Nous vous offrons aujourd’hui des outils nouveaux, dont vous apprécierez bien vite le rendement, et qui sont en train de détrôner les manuels dépassés par la vie, et les leçons qui sont toujours indigestes pour qui n’a pas faim de savoir.

Vous devez pratiquer la correspondance interscolaire qui change si totalement l’atmosphère d'une classe. Vous verrez alors vos élèves enthousiastes pour écrire pour améliorer leur journal, pour poursuivre leurs enquêtes, pour faire vivre leur coopérative, pour trouver les fonds qui leur permettront, en fin d’année, d’aller rejoindre leurs correspondants. Alors, votre travail scolaire sera «motivé». Il vous suffira d’aider vos enfants à le réaliser, et vous peinerez parfois à les suivre.

Nous donnerons en cours d’année, dans notre rubrique : Comment je travaille dans ma classe, les rapports des camarades, qui, l’an dernier, au sein de leur équipe homogène, ont tiré des échanges, le maximum de profit.

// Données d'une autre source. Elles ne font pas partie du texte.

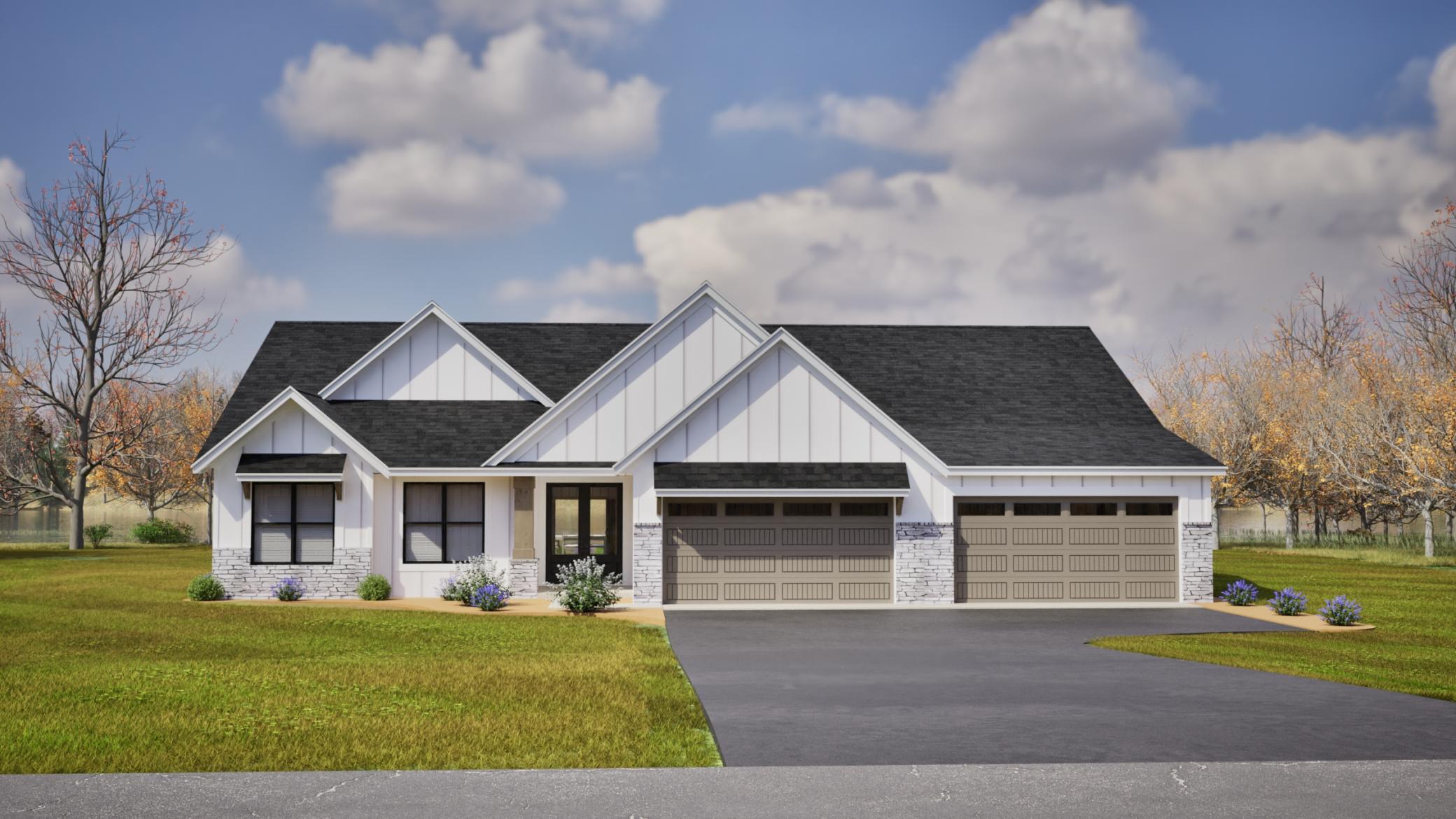 22133  Windy Ridge Road, Brainerd, MN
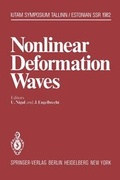 Cover: Nonlinear Deformation Waves - Springer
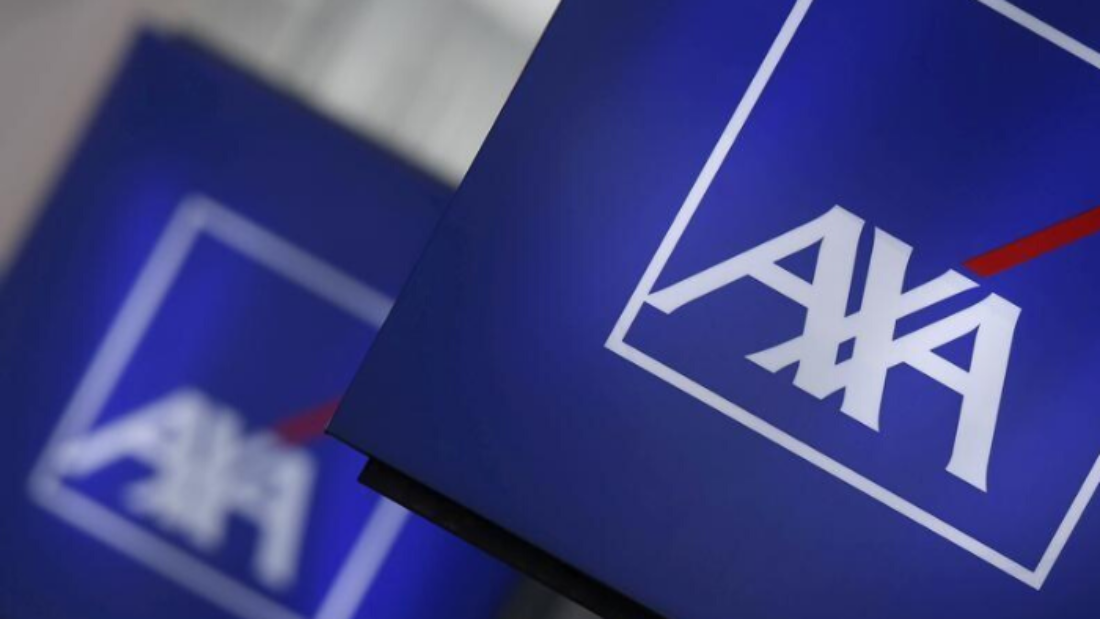 AXA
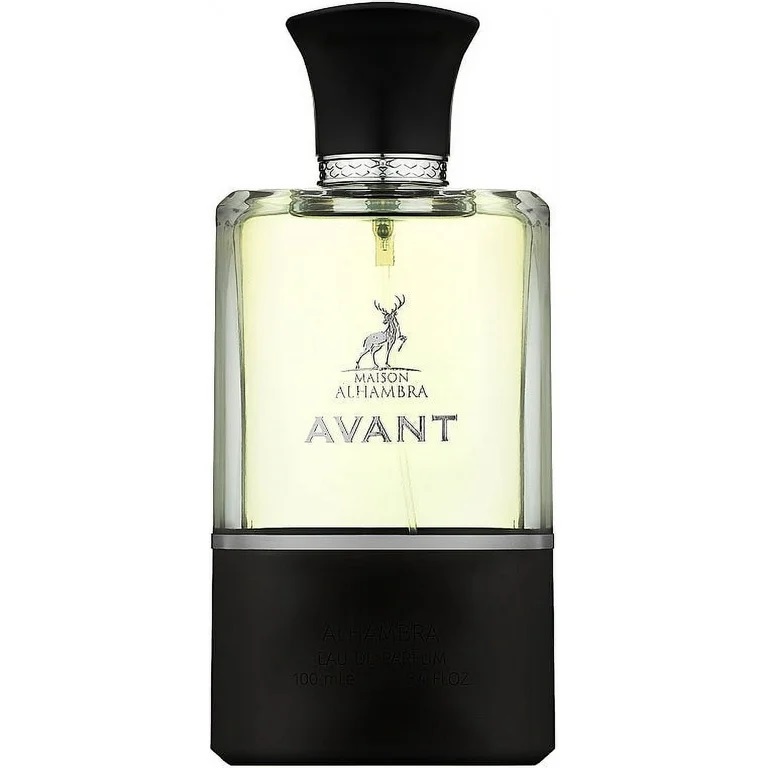 Maison Alhambra Alhambra Avant EDP 100 ml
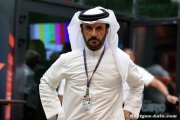 La F1 et la FIA en conflit sur la compensation financière pour les Sprints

Nous publierons également, dans notre collection B. E. N. P., une brochure préparée par nos camarades Le Guuillou, Thomas, Olivier, Posteller, Guillou (du Finistère) et Barboteu (Aude) qui, en fin d’année, ont réalisé dans le Finistère, une caravane Freinet, qui a été à tous points de vue un succès total. Une autre brochure relatera les avantages des échanges d’élèves qui, à une échelle aujourd’hui importante, ont complété la correspondance.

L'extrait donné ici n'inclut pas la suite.